La «jurisprudence Balladur» a été utilisée à de nombreuses reprises tout au long de la Ve République. [Thomas SAMSON / AFP]

Le nouveau gouvernement d’Elisabeth Borne a reconduit certains ministres qui ont été ou sont actuellement mis en examen. Une annonce qui irrite certains opposants politiques et certaines professions, qui dénoncent le mépris de la «jurisprudence Balladur».

Si le nouveau gouvernement traverse actuellement une polémique en raison des accusations de viols à l’encontre de Damien Abad, ce dernier n’a pas été mis en examen.

A contrario notamment d’Eric Dupond-Moretti, reconduit au poste de garde des Sceaux, est mis en examen pour «prise illégale d’intérêts».

Devant une telle affaire judiciaire, certaines professions se sont étonnées que la «jurisprudence Balladur» n’ait pas été appliquée, comme elle le fut pour de nombreux ministres.  

Inventée par Pierre Bérégovoy, Premier ministre socialiste entre avril 1992 et mars 1993, à l’occasion des ennuis judiciaires de Bernard Tapie, la «jurisprudence Balladur» est une règle non rédigée qui veut que tout ministre mis en examen démissionne de ses fonctions ministérielles.

Une manière de se protéger

Si cette procédure, fortement reprise par Edouard Balladur lorsqu'il était à Matignon de 1993 à 1995, ce qui explique son nom, consiste principalement à protéger le gouvernement de toute polémique, elle permet également au ministre accusé de mieux préparer sa défense devant la justice.

Tout au long de la Ve République, de nombreux ministres ont été contraints de se plier à cette jurisprudence.
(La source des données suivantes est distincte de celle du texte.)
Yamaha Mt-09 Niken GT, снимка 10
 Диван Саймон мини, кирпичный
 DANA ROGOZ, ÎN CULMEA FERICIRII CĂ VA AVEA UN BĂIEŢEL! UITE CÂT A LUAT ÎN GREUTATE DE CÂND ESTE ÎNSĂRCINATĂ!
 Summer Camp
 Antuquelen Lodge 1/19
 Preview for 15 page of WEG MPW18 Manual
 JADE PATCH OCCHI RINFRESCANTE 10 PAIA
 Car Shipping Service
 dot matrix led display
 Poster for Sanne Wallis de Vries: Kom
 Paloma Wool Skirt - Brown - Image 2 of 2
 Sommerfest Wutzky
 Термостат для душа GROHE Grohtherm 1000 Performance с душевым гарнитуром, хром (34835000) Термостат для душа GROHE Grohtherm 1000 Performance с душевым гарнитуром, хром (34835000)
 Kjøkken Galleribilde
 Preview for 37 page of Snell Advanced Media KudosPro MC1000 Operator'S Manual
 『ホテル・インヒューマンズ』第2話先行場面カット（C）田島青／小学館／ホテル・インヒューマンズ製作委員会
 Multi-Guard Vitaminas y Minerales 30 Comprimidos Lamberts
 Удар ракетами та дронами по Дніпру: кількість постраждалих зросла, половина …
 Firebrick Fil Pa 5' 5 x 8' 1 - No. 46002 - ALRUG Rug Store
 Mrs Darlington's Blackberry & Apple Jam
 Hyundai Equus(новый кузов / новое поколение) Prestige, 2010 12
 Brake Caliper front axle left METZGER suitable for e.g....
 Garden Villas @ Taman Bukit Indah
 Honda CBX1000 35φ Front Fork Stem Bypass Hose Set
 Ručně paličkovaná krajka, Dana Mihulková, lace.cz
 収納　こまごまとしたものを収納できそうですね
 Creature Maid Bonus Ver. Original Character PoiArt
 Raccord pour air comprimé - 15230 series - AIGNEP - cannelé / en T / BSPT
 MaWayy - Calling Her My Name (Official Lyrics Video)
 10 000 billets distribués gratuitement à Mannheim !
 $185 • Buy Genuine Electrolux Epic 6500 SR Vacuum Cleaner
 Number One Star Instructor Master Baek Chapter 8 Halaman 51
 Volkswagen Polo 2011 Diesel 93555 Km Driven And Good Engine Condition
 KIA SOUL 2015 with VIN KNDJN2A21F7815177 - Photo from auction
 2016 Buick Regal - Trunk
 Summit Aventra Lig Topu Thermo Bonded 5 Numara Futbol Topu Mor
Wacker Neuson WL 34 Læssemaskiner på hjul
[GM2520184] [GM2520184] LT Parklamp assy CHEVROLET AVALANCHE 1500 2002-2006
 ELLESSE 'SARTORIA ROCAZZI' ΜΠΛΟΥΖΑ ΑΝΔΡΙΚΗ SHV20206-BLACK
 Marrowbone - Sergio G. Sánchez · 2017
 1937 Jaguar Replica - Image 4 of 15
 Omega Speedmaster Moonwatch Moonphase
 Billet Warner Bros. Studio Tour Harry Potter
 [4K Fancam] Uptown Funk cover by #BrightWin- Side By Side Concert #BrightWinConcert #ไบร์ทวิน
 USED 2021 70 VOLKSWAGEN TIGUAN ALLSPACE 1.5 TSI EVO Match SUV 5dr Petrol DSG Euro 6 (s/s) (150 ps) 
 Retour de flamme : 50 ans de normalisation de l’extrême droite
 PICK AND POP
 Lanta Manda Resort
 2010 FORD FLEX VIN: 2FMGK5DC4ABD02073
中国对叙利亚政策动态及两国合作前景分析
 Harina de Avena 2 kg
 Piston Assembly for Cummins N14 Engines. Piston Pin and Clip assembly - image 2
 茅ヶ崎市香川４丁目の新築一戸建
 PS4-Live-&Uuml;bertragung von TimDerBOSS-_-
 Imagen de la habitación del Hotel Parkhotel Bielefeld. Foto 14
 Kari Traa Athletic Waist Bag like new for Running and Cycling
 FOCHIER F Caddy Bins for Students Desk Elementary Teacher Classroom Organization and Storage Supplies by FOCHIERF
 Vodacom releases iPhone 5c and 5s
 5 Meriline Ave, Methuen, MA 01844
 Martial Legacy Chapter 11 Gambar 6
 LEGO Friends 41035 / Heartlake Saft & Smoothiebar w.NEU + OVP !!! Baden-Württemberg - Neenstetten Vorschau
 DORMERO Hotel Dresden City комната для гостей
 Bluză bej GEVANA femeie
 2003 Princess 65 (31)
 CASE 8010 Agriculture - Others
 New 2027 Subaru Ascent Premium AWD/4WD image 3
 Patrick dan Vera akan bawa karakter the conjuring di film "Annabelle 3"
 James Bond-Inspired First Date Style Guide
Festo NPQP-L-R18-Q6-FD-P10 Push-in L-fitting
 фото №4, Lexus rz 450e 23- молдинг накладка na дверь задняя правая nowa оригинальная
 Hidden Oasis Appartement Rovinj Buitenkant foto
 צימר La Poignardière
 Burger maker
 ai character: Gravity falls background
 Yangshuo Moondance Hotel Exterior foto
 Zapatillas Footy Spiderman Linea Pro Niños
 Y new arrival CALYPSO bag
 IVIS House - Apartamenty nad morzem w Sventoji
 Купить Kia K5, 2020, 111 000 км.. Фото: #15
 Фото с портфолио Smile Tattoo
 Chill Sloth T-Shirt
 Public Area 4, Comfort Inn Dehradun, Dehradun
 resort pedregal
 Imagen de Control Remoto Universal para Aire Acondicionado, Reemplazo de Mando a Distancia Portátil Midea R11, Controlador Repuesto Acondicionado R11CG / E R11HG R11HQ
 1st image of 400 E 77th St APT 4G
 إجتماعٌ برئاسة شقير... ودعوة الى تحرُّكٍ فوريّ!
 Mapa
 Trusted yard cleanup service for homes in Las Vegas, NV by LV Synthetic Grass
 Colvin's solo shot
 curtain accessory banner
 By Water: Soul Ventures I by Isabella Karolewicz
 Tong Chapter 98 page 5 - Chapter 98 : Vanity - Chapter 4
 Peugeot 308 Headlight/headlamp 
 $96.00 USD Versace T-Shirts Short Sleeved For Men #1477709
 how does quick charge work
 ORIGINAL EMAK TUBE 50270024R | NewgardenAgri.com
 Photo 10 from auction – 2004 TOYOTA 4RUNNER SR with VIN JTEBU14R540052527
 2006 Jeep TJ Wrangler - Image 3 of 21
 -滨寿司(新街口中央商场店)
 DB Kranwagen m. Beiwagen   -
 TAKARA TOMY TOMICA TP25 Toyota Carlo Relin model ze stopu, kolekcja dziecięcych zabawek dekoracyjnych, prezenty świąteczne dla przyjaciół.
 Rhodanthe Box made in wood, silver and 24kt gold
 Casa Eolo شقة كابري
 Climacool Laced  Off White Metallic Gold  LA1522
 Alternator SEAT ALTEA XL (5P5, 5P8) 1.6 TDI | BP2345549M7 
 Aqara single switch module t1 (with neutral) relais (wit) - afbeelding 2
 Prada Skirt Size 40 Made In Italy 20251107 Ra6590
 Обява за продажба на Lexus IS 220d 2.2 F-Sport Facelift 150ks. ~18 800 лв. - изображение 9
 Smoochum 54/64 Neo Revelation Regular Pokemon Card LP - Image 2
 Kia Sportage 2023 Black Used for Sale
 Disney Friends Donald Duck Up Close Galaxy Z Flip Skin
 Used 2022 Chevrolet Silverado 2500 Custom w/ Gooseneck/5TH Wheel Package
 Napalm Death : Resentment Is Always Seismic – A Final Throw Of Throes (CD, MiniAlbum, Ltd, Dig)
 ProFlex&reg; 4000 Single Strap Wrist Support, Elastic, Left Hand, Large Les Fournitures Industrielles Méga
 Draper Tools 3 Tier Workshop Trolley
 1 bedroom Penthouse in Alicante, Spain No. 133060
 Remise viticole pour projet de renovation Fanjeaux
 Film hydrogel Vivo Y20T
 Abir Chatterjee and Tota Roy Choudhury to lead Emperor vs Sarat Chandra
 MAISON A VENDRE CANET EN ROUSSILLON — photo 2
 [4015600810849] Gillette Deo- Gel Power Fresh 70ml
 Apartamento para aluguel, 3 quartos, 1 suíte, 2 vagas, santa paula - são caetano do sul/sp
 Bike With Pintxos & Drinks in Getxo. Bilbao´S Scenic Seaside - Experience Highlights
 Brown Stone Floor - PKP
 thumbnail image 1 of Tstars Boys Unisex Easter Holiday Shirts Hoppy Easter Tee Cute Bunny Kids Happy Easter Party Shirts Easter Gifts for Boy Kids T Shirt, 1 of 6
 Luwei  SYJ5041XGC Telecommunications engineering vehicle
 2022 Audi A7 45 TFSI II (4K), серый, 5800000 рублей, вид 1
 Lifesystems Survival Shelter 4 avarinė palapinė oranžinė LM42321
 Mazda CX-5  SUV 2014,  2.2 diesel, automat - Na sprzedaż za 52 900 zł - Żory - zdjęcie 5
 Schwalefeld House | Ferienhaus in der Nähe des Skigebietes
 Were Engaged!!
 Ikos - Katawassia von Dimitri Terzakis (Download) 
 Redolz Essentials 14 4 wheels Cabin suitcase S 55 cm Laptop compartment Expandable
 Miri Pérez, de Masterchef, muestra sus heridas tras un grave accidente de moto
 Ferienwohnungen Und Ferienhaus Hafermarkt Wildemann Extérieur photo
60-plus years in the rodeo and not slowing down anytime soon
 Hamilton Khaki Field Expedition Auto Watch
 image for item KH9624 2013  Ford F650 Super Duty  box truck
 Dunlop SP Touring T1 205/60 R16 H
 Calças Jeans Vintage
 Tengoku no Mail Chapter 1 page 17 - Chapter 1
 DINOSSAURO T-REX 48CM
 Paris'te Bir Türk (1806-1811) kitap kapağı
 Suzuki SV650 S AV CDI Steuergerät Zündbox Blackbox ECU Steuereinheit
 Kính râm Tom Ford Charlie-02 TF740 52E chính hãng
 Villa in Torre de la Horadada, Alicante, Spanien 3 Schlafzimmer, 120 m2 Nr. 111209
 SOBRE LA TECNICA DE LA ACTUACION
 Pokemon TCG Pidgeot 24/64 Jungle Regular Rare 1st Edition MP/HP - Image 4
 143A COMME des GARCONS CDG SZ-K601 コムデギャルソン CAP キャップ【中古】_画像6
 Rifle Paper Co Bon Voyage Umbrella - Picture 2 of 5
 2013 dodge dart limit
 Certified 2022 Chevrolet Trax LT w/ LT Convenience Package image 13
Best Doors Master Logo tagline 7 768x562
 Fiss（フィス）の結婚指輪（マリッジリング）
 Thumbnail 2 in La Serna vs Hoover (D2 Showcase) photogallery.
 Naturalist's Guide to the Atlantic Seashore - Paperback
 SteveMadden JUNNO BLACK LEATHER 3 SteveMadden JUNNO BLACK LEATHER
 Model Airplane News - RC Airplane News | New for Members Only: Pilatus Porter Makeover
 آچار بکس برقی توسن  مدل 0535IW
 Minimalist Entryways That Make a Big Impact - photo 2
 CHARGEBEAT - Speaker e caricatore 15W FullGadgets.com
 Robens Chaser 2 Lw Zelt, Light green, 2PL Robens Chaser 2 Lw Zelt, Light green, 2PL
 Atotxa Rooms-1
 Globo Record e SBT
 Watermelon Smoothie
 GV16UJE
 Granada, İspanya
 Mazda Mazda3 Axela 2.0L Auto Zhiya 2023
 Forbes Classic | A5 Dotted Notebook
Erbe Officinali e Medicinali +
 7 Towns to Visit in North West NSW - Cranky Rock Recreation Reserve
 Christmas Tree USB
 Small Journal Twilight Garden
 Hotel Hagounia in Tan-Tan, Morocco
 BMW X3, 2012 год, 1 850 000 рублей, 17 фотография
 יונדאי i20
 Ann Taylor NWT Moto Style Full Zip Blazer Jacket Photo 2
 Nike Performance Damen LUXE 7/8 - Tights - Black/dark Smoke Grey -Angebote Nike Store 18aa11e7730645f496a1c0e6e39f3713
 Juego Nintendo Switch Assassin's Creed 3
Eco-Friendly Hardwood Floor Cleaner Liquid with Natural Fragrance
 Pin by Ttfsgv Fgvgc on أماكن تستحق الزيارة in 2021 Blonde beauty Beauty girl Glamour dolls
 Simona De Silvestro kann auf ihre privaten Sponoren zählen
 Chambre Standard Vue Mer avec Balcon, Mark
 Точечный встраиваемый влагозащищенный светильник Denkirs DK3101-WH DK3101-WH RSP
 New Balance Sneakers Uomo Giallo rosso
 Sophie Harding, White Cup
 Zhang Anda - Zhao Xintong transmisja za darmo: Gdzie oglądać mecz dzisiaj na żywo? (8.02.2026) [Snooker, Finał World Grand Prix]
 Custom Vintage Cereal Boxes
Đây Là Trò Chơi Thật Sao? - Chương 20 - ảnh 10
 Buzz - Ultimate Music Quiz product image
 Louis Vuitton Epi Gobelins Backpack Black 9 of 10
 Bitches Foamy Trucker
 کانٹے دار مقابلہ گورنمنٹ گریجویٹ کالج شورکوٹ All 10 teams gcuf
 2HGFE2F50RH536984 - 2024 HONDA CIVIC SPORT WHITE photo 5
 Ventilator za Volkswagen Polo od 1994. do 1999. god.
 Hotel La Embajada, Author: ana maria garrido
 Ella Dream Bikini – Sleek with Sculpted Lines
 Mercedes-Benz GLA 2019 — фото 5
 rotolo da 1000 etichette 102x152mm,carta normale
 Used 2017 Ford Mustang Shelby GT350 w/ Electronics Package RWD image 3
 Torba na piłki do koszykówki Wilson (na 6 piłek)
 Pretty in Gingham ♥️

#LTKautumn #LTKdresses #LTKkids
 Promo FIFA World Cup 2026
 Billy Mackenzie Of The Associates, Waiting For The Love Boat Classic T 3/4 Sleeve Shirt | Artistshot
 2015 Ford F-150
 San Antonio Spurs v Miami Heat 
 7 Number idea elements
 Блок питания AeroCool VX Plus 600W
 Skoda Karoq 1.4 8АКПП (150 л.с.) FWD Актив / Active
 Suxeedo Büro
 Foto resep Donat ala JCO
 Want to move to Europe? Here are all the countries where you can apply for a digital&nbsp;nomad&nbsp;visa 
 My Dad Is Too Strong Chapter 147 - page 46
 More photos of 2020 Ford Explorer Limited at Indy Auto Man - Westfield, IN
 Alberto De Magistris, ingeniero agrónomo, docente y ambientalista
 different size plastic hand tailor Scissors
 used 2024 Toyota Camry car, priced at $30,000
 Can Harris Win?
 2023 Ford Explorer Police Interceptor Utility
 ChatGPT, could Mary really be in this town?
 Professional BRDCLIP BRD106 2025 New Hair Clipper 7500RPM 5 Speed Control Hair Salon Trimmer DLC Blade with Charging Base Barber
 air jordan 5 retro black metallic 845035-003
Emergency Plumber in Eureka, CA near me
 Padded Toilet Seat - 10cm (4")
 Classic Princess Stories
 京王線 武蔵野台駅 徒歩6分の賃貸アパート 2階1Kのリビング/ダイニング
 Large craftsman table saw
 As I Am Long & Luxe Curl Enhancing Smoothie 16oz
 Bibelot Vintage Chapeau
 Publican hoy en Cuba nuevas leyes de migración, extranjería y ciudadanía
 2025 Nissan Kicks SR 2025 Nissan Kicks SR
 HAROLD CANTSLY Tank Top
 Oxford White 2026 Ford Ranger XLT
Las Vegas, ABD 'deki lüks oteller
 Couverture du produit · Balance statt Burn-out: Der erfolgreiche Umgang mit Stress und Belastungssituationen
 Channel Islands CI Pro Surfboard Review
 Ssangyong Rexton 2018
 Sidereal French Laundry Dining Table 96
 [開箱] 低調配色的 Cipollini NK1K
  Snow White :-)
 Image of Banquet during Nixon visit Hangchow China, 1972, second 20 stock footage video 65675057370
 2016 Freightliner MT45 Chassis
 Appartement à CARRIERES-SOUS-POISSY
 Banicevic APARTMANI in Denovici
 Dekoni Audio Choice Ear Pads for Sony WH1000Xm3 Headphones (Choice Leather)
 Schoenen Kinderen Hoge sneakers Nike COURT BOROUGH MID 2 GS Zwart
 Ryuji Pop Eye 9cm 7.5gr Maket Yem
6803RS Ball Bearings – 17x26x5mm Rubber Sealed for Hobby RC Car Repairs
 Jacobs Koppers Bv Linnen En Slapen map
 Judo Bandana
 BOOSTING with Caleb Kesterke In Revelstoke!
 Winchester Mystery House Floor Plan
Ce fut le cas d’Alain Carignon notamment, ministre de la Communication du gouvernement d’Edouard Balladur, dont la mise en examen pour complicité et recel d’abus de biens sociaux se faisait attendre.

Mais aussi pour Dominique Strauss-Kahn, ministre de l’Economie, des Finances et de l’Industrie du gouvernement de Lionel Jospin, démis de ses fonctions en 1999 après sa mise en cause dans plusieurs affaires pour faux et usage de faux.

L’application de cette jurisprudence s’est néanmoins effritée au fur et à mesure des gouvernements. A titre d’exemple, ce principe n’a pas été respecté sous les gouvernements de François Fillon, lorsque Brice Hortefeux, alors ministre de l’Intérieur, a été mis en examen deux fois, puis condamné pour injures raciales, puis atteinte à la présomption d’innocence.

Emmanuel Macron confronté plusieurs fois à ce cas de figure

Comme tous les présidents de la Ve République, Emmanuel Macron a été amené à faire usage de cette jurisprudence. En effet, six ministres du premier quinquennat de l’actuel chef de l’Etat ont été écartés ou conduits à démissionner.

Ce fut le cas de François Bayrou, Sylvie Goulard et Marielle de Sarnez, les trois ministres MoDem, pour des affaires d’assistants parlementaires au Parlement européen, de Richard Ferrand ou encore de Laura Flessel et de François de Rugy, bien qu’aucune poursuite n’ait été engagée contre ce dernier.

Néanmoins, certaines affaires ont suscité de vives polémiques en raison de la non-application de la jurisprudence. Au-delà de celle concernant Eric Dupond-Moretti, les accusations de viols de Gérald Darmanin, qui se sont achevées par un non-lieu par réquisitoire définitif du parquet de Paris, avaient déclenché une vaste campagne de demandes de démission du ministre de l’Action et des Comptes publics, puis de l’Intérieur.